Les couleurs du cercueil de Pierre Keller

mardi, 17.09.2019

Marc Ehrlich*

Marc Ehrlich

Le flamboyant ex-directeur de l’Ecal et de l’Office des vins vaudois aura eu un enterrement conforme à son très grand cœur et à son talent: «Il y avait de l’art, il y avait du vin. La cérémonie résumait toute sa vie de passions», comme le décrit justement le quotidien 24 Heures. Point tout particulier, un cercueil signé par l’artiste John Armleder, tout de blanc traversé par des bandes de couleur qui rappelaient l’arc-en-ciel gay. Il marque ainsi tous les esprits et consacre son statut de maître de la communication.

Le succès de son propre enterrement est justement l’un des objectifs clés selon le livre génial de management signé Auguste Detoeuf, fondateur en 1928 du groupe Alsthom: «Les propos d’Oscar Barenton». Ce livre fabuleux et complètement décalé publié en 1948 explique à travers une vingtaine de chapitres fulgurants que la plupart des théories économiques sont fausses car basées sur le fait que l’humain est rationnel. Il aborde avec humour et beaucoup de bon sens des sujets comme la qualité des conseils d’administration, les prix de revient et surtout les relations humaines.

Le chapitre sur son propre enterrement est un bijou: il faut bien entendu préparer soi-même sa notice nécrologique et la liste des invités, veiller à les mettre à jour régulièrement, prendre garde à mourir en novembre car après ce sont les sports d’hiver, la Côte d’Azur, etc.. Bref, selon Oscar, «un bel enterrement n’est pas une improvisation, il faut y consacrer sa vie!»
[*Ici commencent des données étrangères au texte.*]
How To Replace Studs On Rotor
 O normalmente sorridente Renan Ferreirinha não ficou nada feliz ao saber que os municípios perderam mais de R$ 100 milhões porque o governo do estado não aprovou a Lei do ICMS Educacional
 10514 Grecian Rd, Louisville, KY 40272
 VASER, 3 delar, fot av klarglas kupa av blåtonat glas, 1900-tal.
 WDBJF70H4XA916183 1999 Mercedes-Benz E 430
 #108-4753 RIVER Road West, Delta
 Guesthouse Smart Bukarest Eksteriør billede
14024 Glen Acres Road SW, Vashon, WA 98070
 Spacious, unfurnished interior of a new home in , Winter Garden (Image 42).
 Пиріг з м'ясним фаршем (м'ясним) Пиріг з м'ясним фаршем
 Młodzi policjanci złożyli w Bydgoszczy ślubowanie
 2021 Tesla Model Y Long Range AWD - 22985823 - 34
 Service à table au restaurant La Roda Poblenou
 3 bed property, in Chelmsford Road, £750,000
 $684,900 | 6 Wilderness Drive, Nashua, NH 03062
Ces considérations renvoient quelque part à la question du pourquoi et du comment. Le fondateur de Linkedin, Reid Hoffman, expliquait qu’un entrepreneur est «quelqu’un qui saute de la falaise et construit un avion au cours de la descente!». L’entrepreneur est un champion du comment. Mais a-t-il le temps de réfléchir, le nez enfoncé dans son guidon, à pourquoi il agit et construit, alors que tout a une fin, notamment sa propre existence? Sur la question du pourquoi, peu d’entrepreneurs sont en fin de compte réellement convaincants. Brad Stone, le biographe de Jeff Bezos, raconte que ce dernier a été interrogé sur les raisons qui le poussaient à continuer à travailler autant après avoir amassé une fortune immense. Il répond: «Je suis motivé par les gens qui comptent sur moi. J’aime que l’on compte sur moi».

La Bible elle-même revient à la question du sens dans l’un de ses passages les plus troublants: l’ecclésiaste. Ce texte attribué au grand Roi Salomon, alors à l’apogée de sa gloire, débute par le célébrissime: «Vanités des vanités, tout est vanité! Quel profit tire l’homme de tout le mal qu’il se donne au soleil? Une génération s’en va, une autre génération lui succède et la terre subsiste perpétuellement. Rien de nouveau sous le soleil.» Salomon aura tout possédé: richesse, gloire, succès et n’aura pas non plus trouvé de réponse réellement satisfaisante à la quête d’un sens. De son texte désabusé, il ressort tout de même deux objectifs aussi fondamentaux dans la vie privée que dans la vie professionnelle: soignez les gens qui vous sont proches et respectez les principes éthiques que vous estimez.